No. 9 Minnesota hosts No. 13 Wisconsin Saturday at 2:30 p.m. at TCF Bank Stadium.
Credit: AP
Minnesota head coach P.J. Fleck, center, jumps in celebration with defensive back Chris Williamson after the defense stopped the ball against Penn State during an NCAA college football game Saturday, Nov. 9, 2019, in Minneapolis. Minnesota won 31-26. (AP Photo/Stacy Bengs)

MINNEAPOLIS — While Camp Randall Stadium was undergoing a renovation in 1994 on campus at the University of Wisconsin, a piece of history resurfaced.

After missing for more than 50 years, stowed away in a storage room at the University of Wisconsin Athletics Department, was the "Slab of Bacon" — the rivalry's initial trophy given to the winner of the annual Minnesota-Wisconsin football game.

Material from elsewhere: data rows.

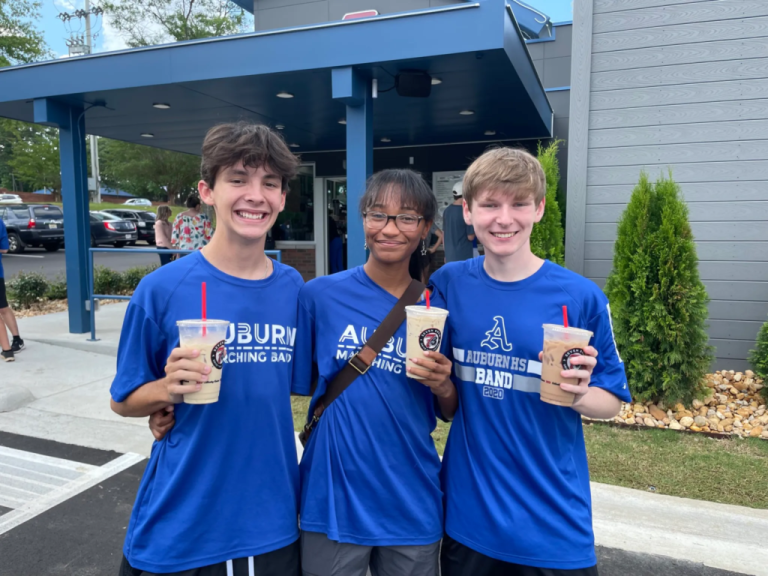 7 Brew is now open in Auburn + they’re already giving back to the community 7 Brew is now open in Auburn + they’re already giving back to the community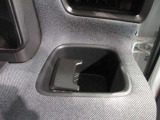 運転席側ドリンクホルダー付いています。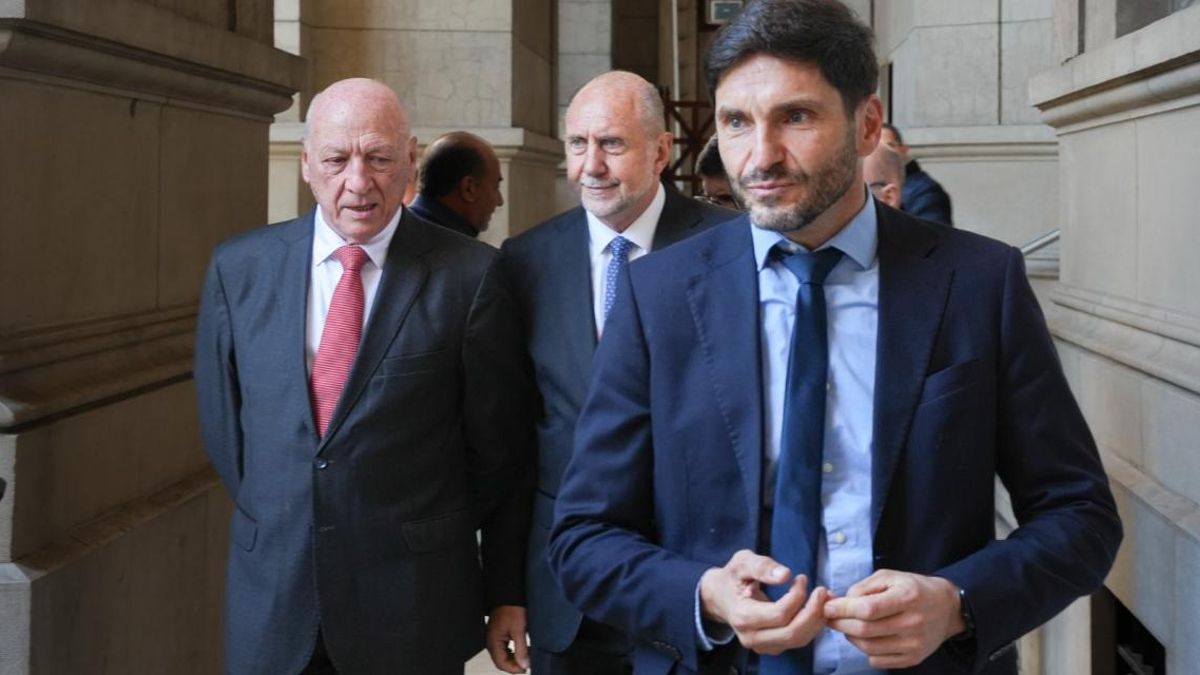 El gobernador Maximiliano Pullaro en la Corte Suprema junto a sus antecesores Omar Perotti y Antonio Bonfatti.
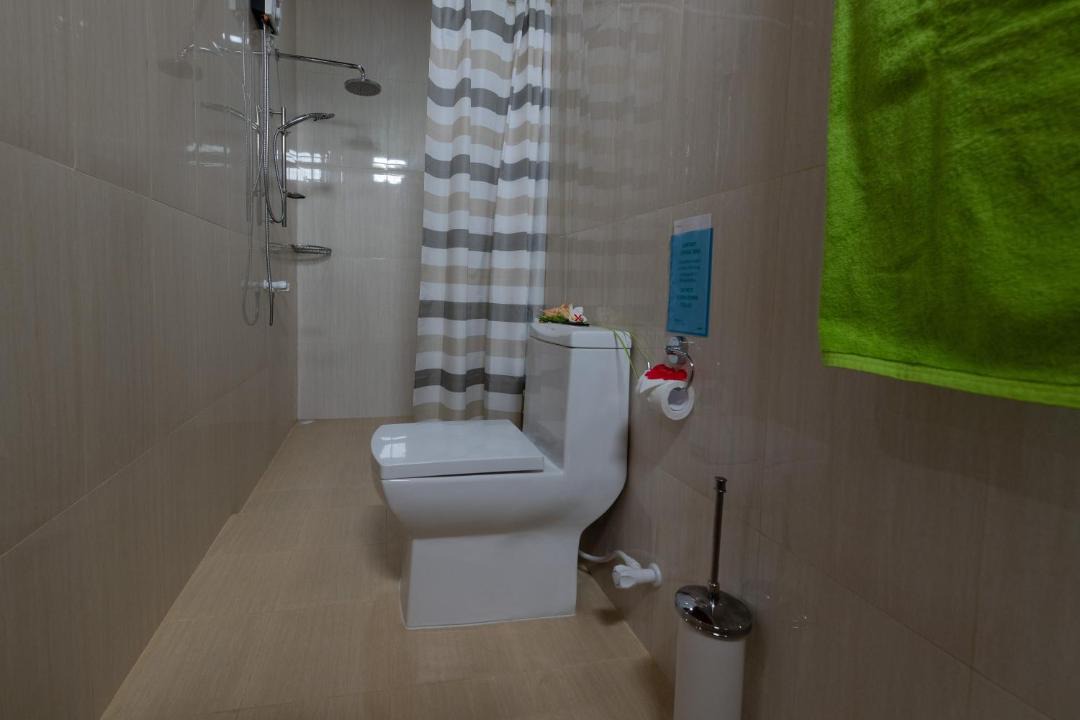 Photo of Bathroom in Keyodhoo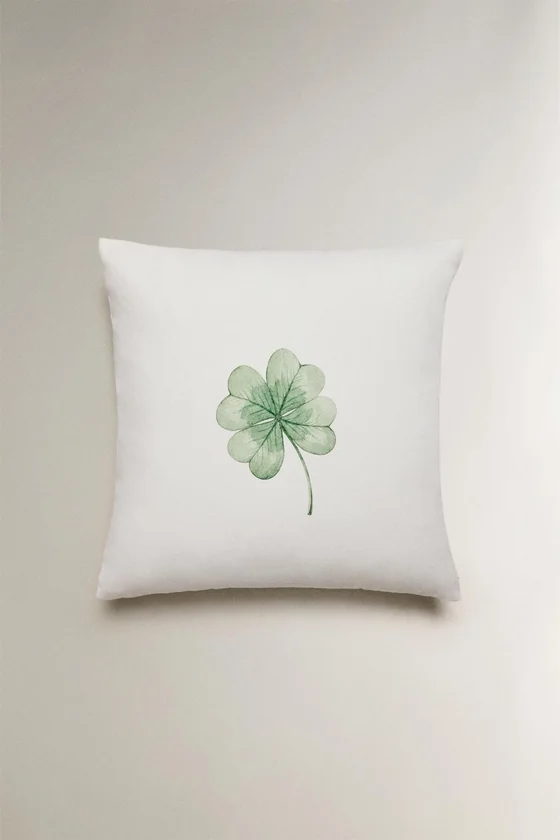 Чехол для подушки clover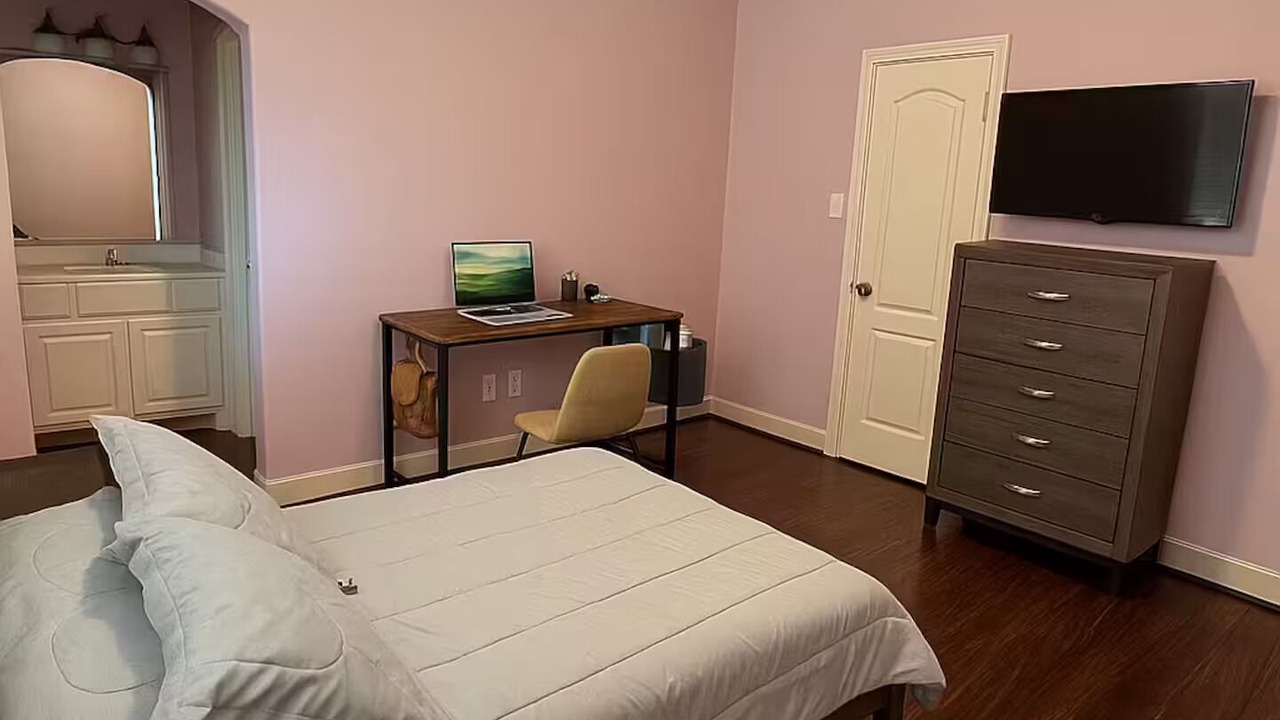 Photo of Bedroom in Clodine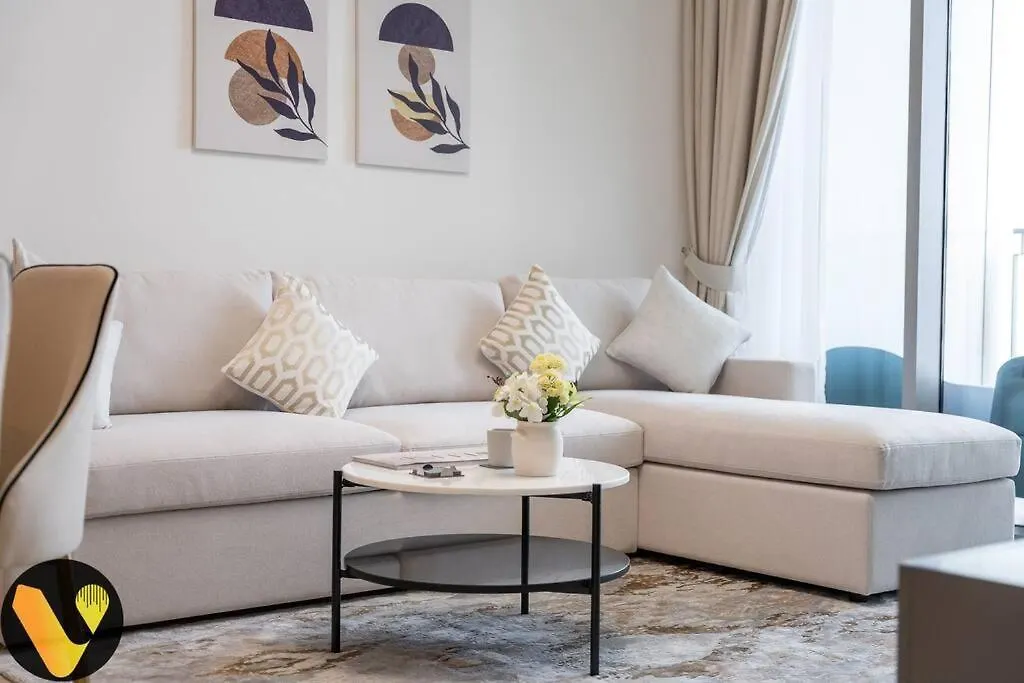 Downtown Views II - Vogue One Bedroom Apartment With Balcony, Opposite Dubai Mall Skybridge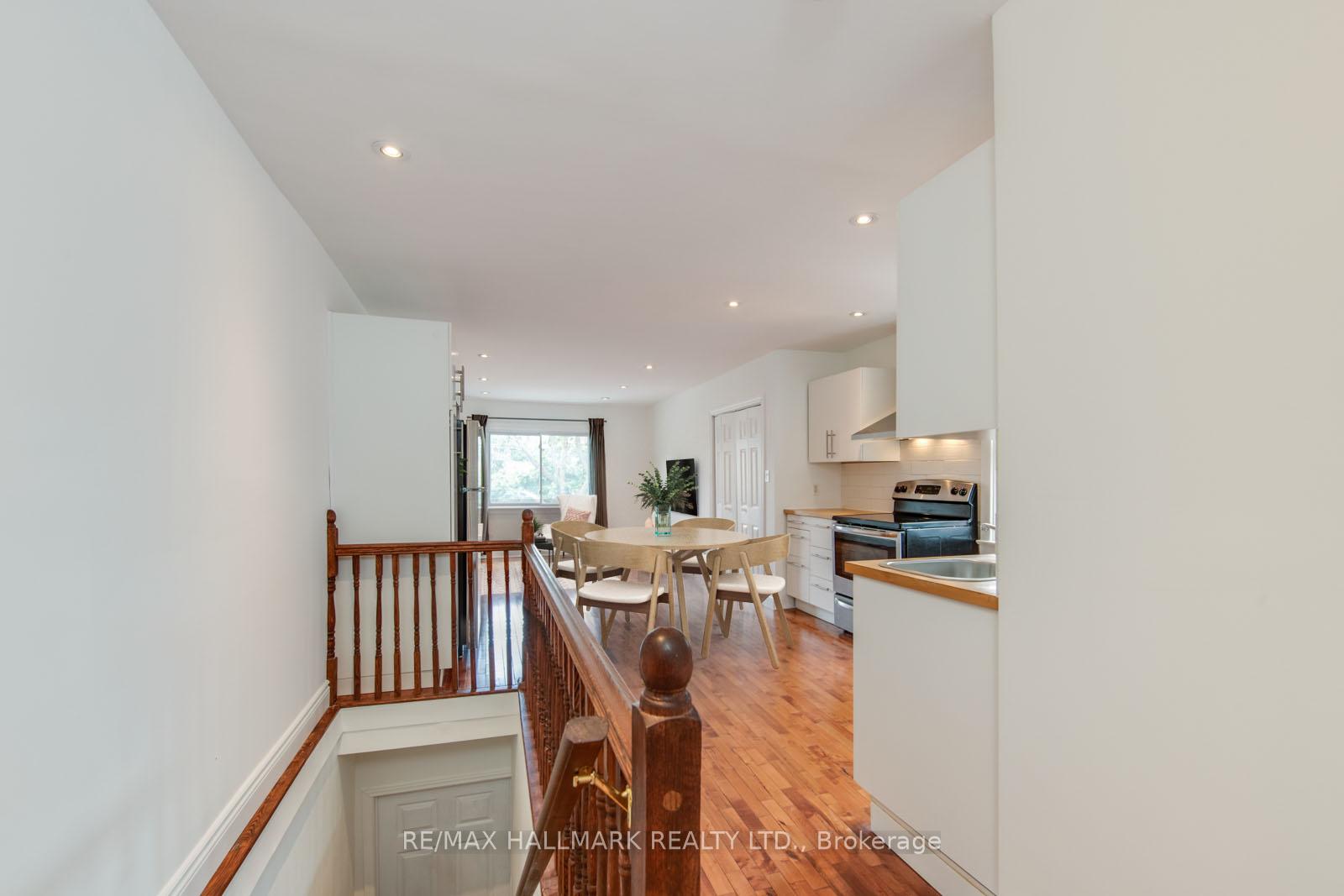 2066-gerrard-street-e-toronto-ontario-e13413544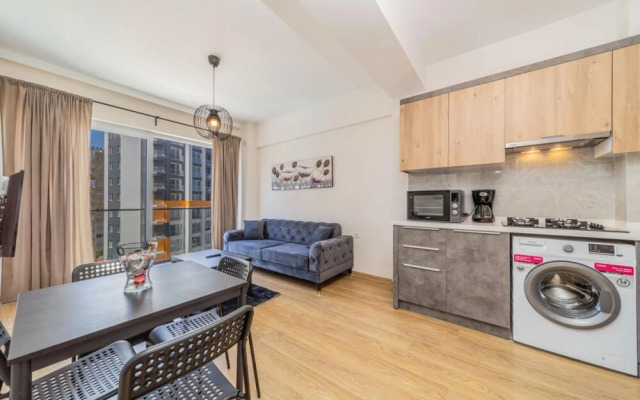Exquisite Flat With Shared Pool in Kepez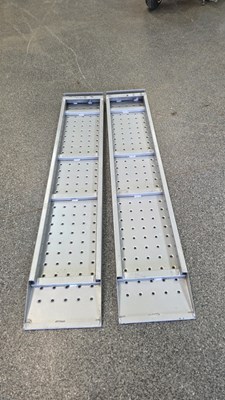 Lot 81 - RHINO RECOVERY LOADING RAMPS-HEAVY DUTY SWL 3 TON PER PAIR 5 FT LONG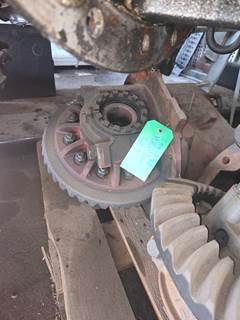 Meritor Front Differential for a Peterbilt 379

While it was the Badgers uncovering history back in '94, this year it's the Gophers that seem to be turning back the clock.

"We respect the rivalry so much," said Gophers head coach P.J. Fleck. "I feel like it's back, where it's not just one-sided all the time."

From 2004 to 2017, the rivalry was as one-sided as it's ever been. Wisconsin won 14 straight games, including a 31-0 rout in 2017 in Minneapolis.

"It's something you learn about when you come to Minnesota almost right away," said Minnesota quarterback Tanner Morgan of the Gophers-Badgers rivalry. "You learn about the tradition of the University of Minnesota — the guys who have played in this game ... I'm not from here, but I know what it means and how it important it is to the state and this program."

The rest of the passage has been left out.